Sin duda estamos en tiempos de espejismos. El fin de semana de este Carnaval sin comparsas, sin chirigotas, sin desfile, sin Pero-palo, sin nada que llevarse a estos ojos ávidos de devorar colorido, ha sido un ensueño envuelto en brumas. Se levanta el confinamiento perimetral y el sol del invierno anima a los ciudadanos a salir a las calles. Eso sí, con mascarilla, distancia social y litros de gel hidroalcohólico entre las manos.

En mi paseo dominical por los soberbios alcázares del Mercadona de Casa Plata he visto a los fanáticos del deporte en bicicleta, en patines, o a pierna desnuda recorrer las anchas avenidas en dirección al ferial. En el campo, bajo ese calorcillo que solo lo proporciona el astro-rey de febrero, pastan las ovejas y un jinete cabalga un percherón como trasunto de una primavera que se intuye y no llega. Frente a los columpios clausurados se arremolinaban los niños, que jugaban ajenos a este torbellino de dolor en el que vivimos insertos.
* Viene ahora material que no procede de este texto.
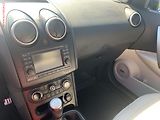 Nissan Qashqai (2013) 1.6dCi, Tekna, kůže, panor - náhled 14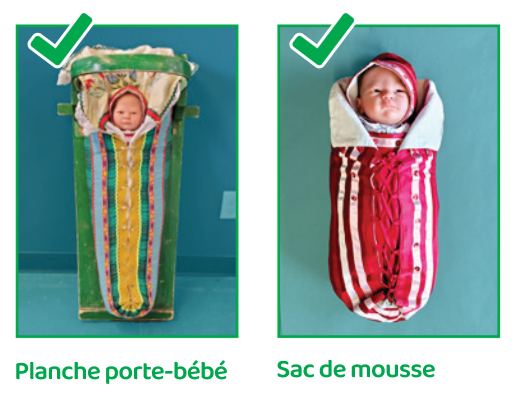 à gauche, un bébé est installé dans un sac coloré sur une planche porte-bébé. À droite, un nourrisson se trouve dans un sac de mousse rouge et blanc. Les deux images ont un crochet vert dans le coin supérieur gauche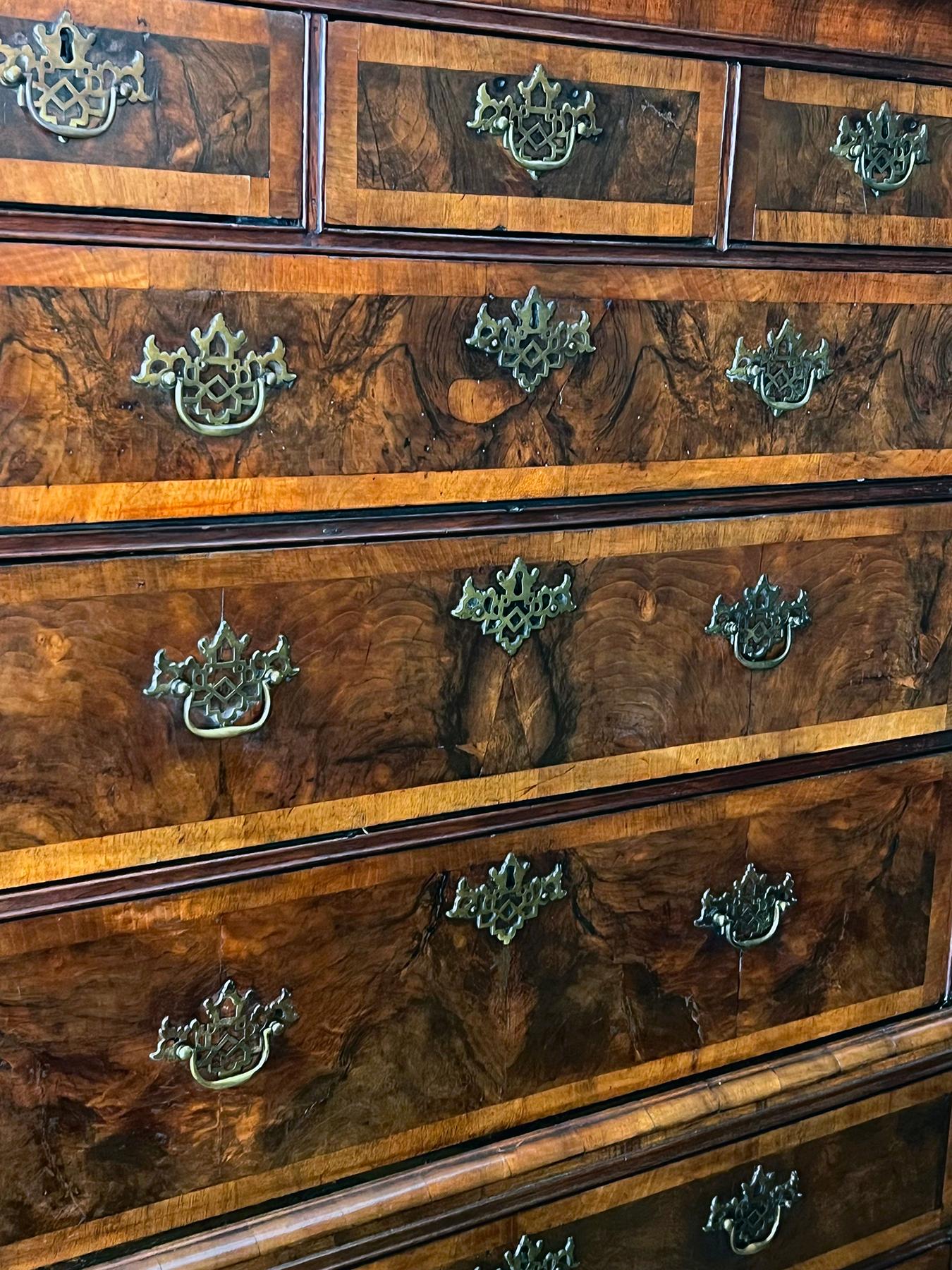 18th Century English Georgian Burl Walnut Veneer Chest on Chest For Sale 5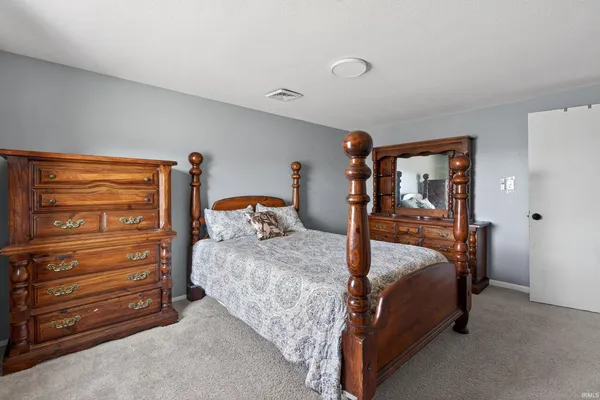 $289,900 | 7480 East 625 South, Wolcottville, IN 46795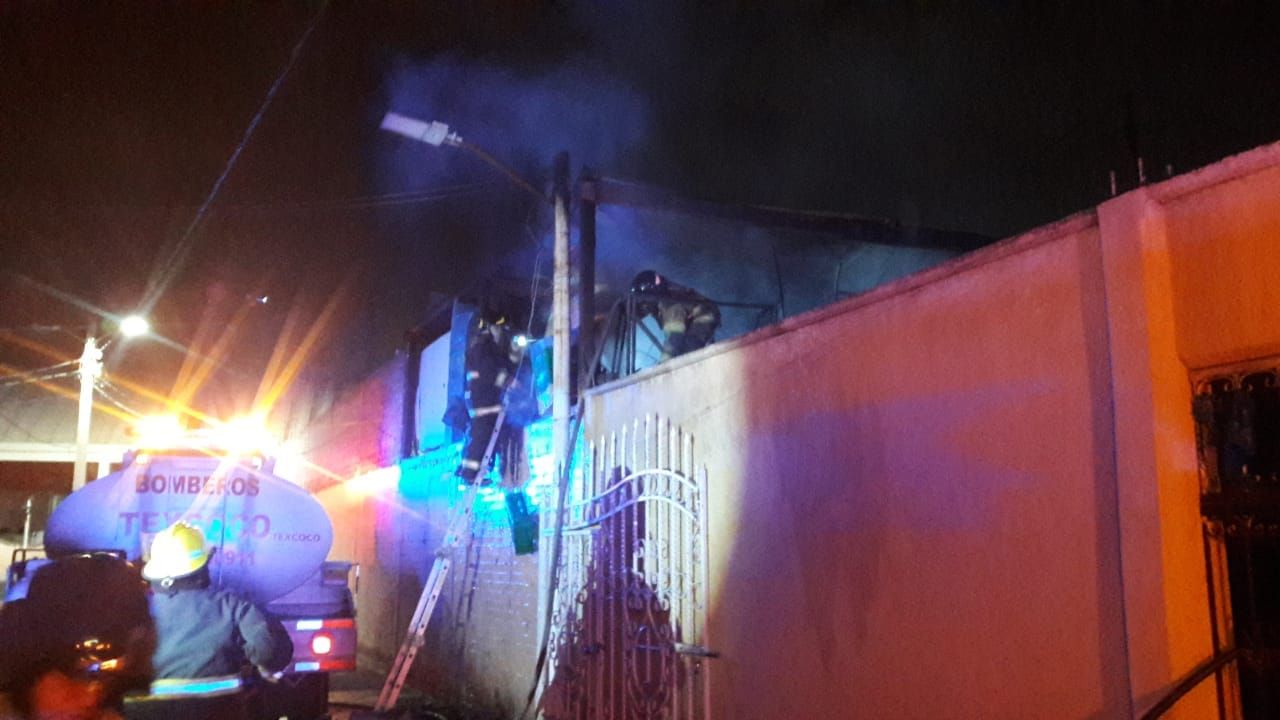 Bomberos de Texcoco Atendieron Incendio
en Casa Habitanción en San Felipe.
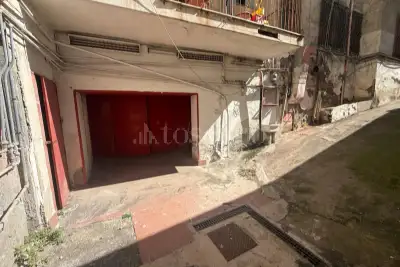Magazzino in vendita, Via Vecchia Ognina, Catania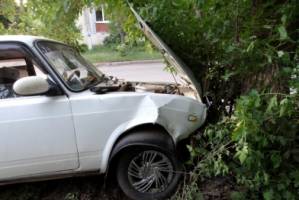 В Астрахани водитель &#171;Жигулей&#187; въехал в дерево
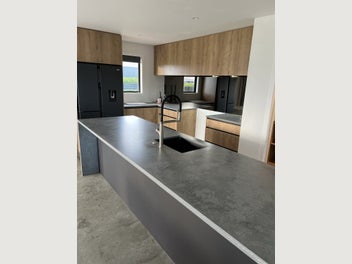 Image 1 of 20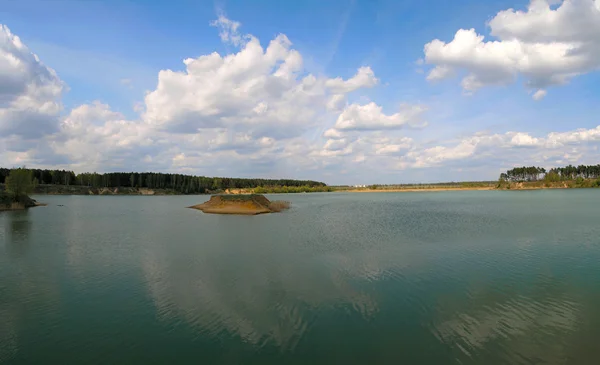 Göl kenarında küçük ada — Stok fotoğraf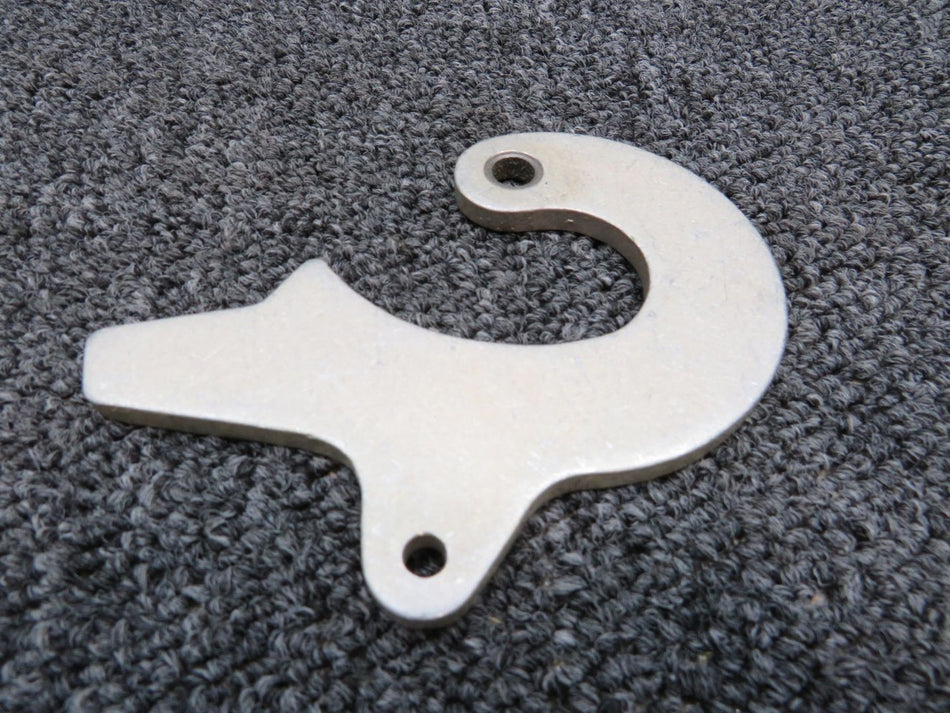 1512357-1 Cessna Hinge (NEW OLD STOCK) (Y17)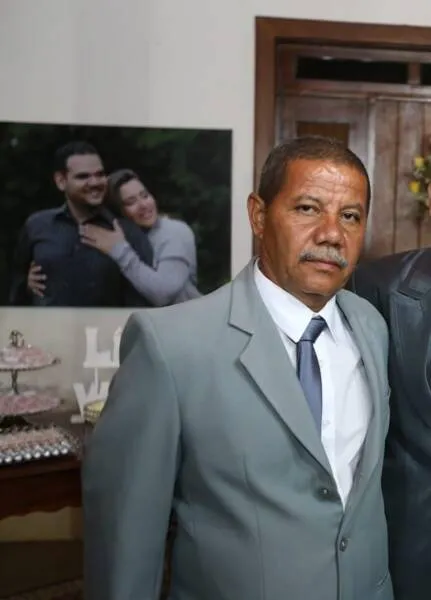 Mesmo desacordado e sem esboçar nenhuma reação, Aldo Deolinda ficou em uma cadeira e não fez nenhum exame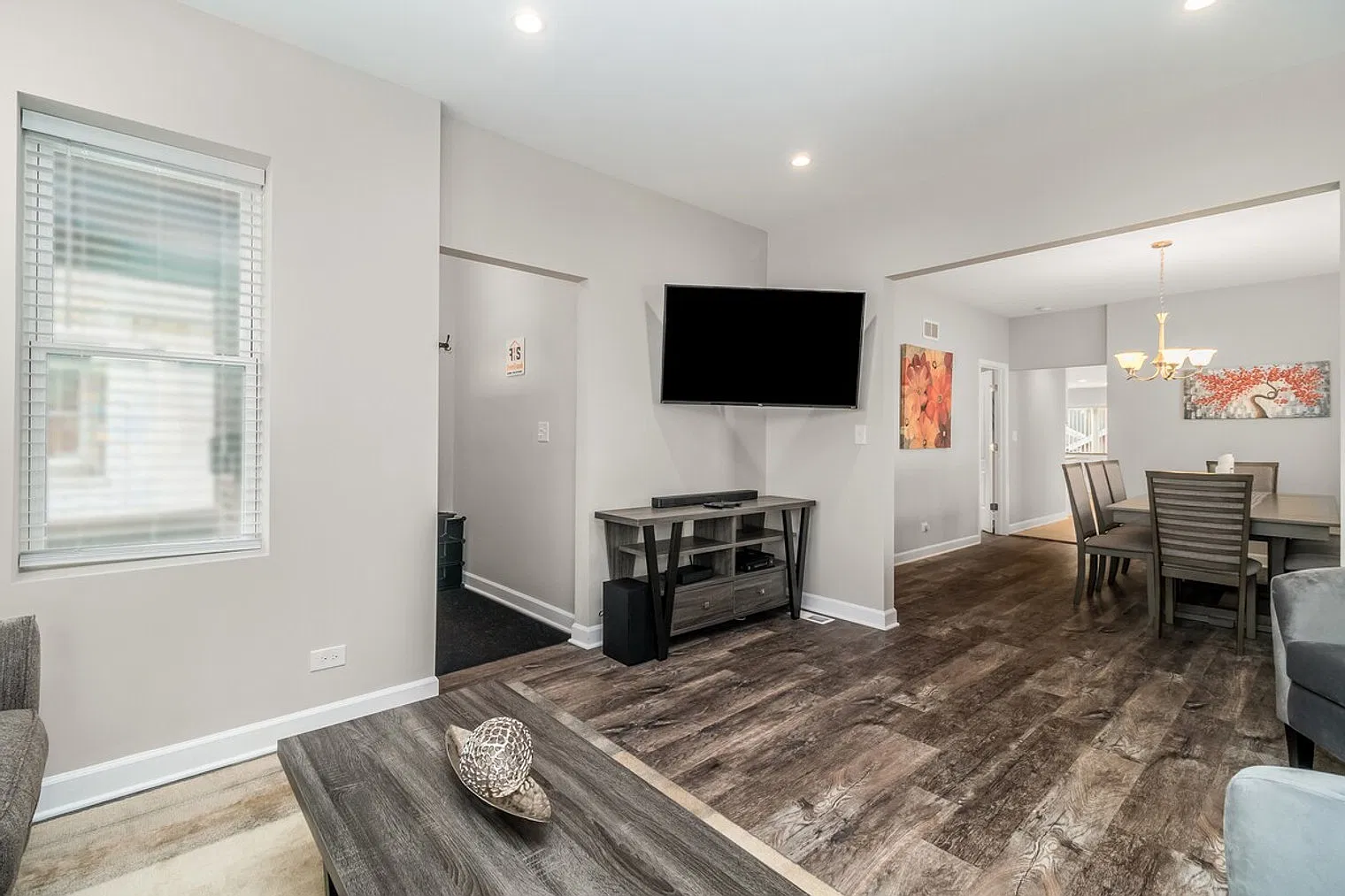 5 bed, 2.0 bath, $14,536 — Photo 3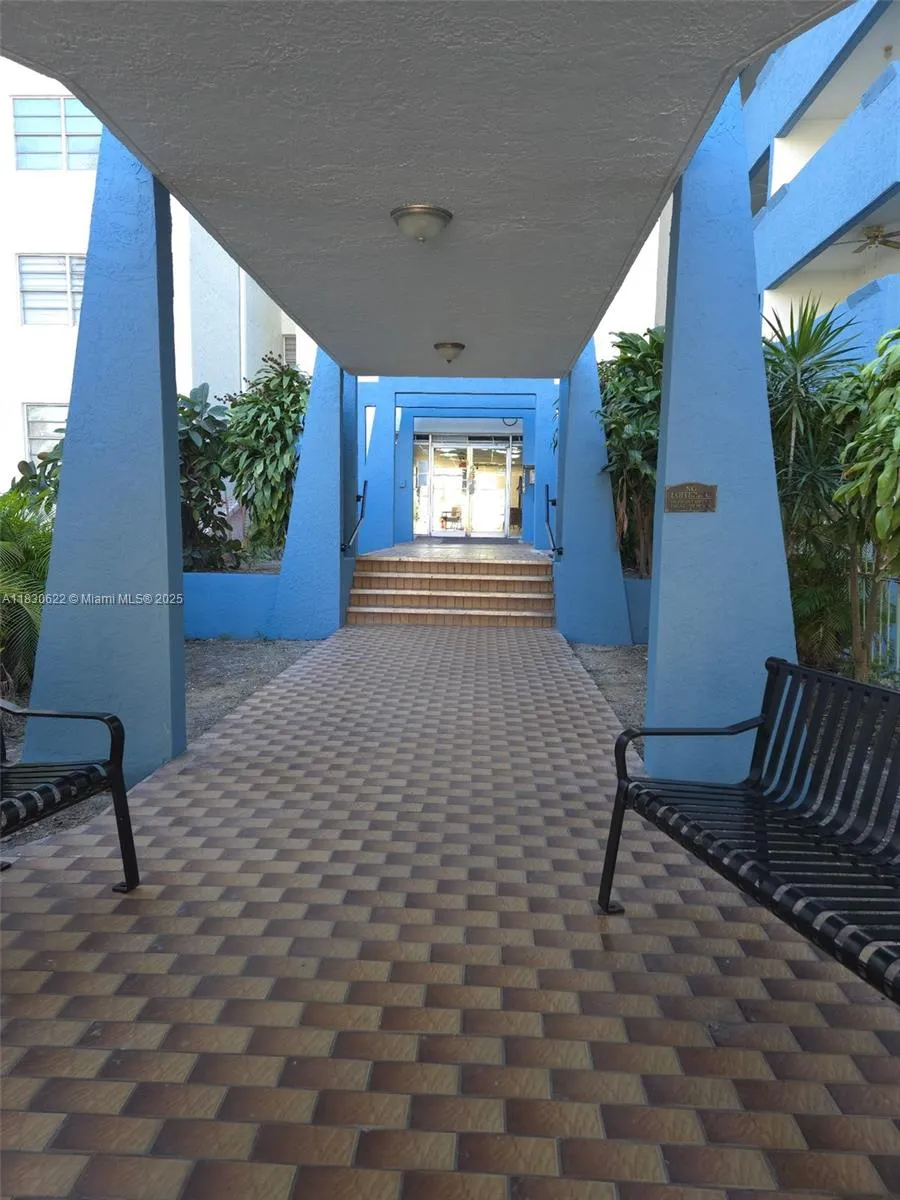 5050 NW 7th St # 709, Miami FL 33126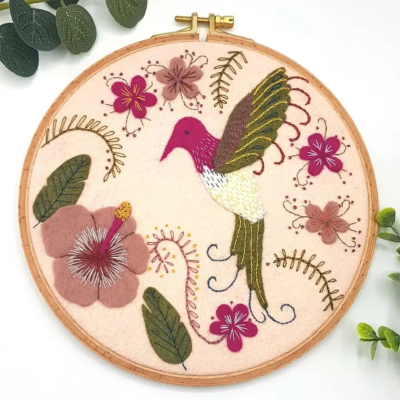 Nouveaux Kits  Broder Corinne Lapierre
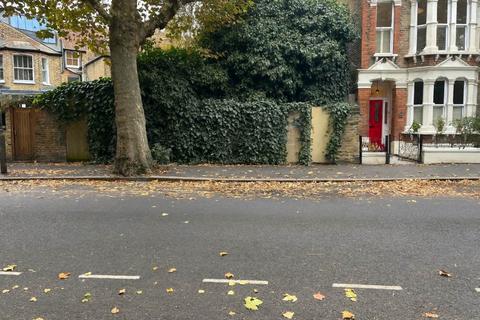 undefined, Elmwood Road, Herne Hill SE24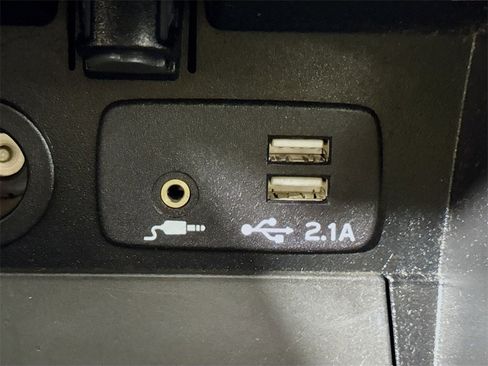 Used 2019 Subaru Outback 2.5i Limited image 18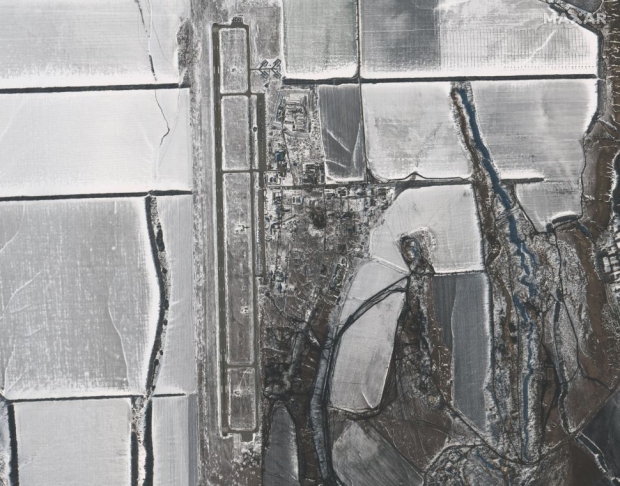 Satellites photograph Russia's military activity, sparking concern 10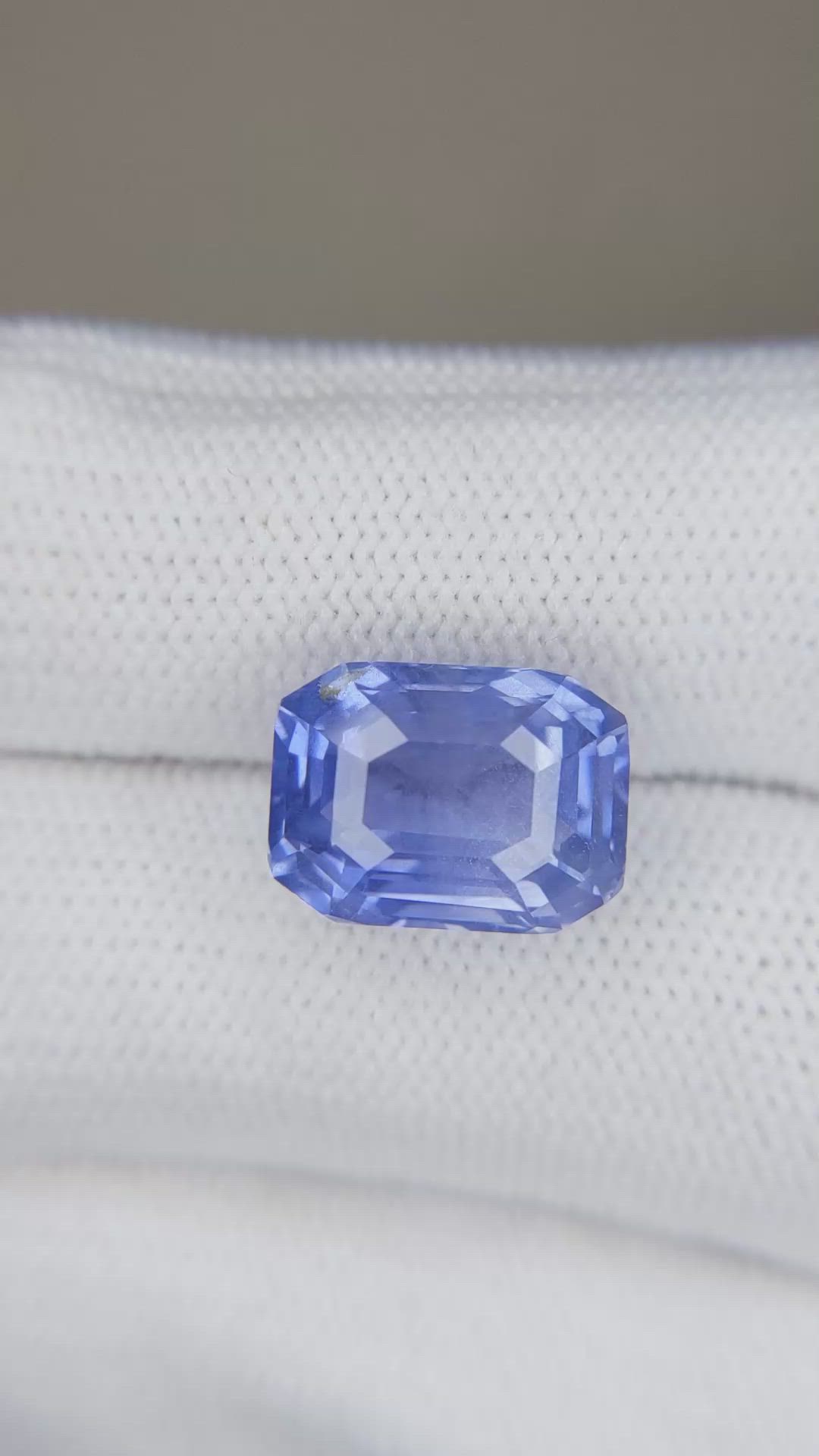 10.50 Ct. Blue Sapphire from Ceylon (Sri Lanka) Size Video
Y este espejismo tiene también sus ilusiones acústicas. Urracas, mirlos, abubillas, jilgueros y cogutas inician los rituales de un apareamiento que pronto llegará inexorable, como ese verdor que inunda la tierra gracias a regatos improvisados y llena los campos de flores amarillas como las manos de Dios. A veces pienso si habrá otros planetas tan hermosos como éste, con tanta naturaleza, con tanta vida asomándose en cada resquicio. Pero, me temo que todo ha sido producto de una ilusión, un trampantojo elaborado por nuestro cerebro. Durante unos minutos creí volver a la normalidad, o a lo que pensábamos que era normal.

Cuando llego a casa, me quito la mascarilla con un quebranto interior que nos esforzamos en anestesiar. Me lavo las manos y veo cómo la vida se escapa por el sumidero. Refrán: Febrero febrerín, el más corto y el más ruin.